Neglected Homes is the Growing Evil of Our Day
Written By William H. Felix (1832-1912) in Feminism: Woman and Her Work
May God impress upon our women the high, heavenly, holy duty of rearing the children of our country, and making our homes places of joy and comfort. Alas! for the state! if our women are to leave the work of our homes and run hither and thither in search of larger rights and larger powers. The Woman’s Temperance Convention, which a short time ago met in Cincinnati, resolved that women should be in their homes to lay the foundation of a pure and temperate life by rearing their children aright.
But how can they do this when they forsake their homes to attend conventions, and run upon crusades, and shut themselves up in closets to prepare lectures, and go hither and thither to deliver them, and in a number of other ways neglect the work they are exhorted to do? She neglects the impure fountain to go forth to the hopeless task of purifying the muddy stream. Whatever work she may do, it is that which is subordinated to the work of the home. This does not shut her out from other ministries of love. She may find time to visit the sick and poor, to enrich her own mind and soul by reading and study, to worship God in the sanctuary, and lighten the burdens of the poor and neglected households.

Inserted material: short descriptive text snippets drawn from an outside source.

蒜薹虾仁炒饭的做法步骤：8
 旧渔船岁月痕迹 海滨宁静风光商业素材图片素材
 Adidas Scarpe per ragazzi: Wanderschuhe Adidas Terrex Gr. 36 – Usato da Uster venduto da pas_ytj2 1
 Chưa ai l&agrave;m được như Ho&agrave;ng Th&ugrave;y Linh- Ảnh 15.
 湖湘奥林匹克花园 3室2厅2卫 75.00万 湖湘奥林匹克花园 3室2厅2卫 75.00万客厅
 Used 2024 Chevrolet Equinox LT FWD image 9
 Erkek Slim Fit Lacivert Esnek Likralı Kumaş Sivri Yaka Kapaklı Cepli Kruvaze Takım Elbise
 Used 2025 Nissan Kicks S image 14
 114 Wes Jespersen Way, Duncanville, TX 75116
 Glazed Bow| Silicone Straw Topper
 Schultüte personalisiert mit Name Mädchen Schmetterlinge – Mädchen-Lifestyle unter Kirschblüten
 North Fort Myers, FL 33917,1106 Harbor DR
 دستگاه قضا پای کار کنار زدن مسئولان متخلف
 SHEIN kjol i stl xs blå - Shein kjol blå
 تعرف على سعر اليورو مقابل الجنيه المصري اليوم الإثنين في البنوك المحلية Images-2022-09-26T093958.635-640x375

Neglected homes is the growing evil of our day, and to our women we must look for its abatement. But there is a more blessed view of this matter. It is not simply for society, nor simply for the state, but for heaven, women are to do this work. To them is committed the work of training souls, and in every soul there slumbers a sublime prophesy of glory; every heart is the habitation of royal tenants, each having a divine right to wear a crown, wield a scepter, and rule a kingdom. Who is doing the work of developing this glory? Woman must do it. The task may be difficult, the work my be tedious and monotonous, but the end, when accomplished will be glorious.
“Give me just one generation of good Christian mothers, and I will change the world.” (John Chrysostom)
I have no greater joy than to hear that my children walk in truth.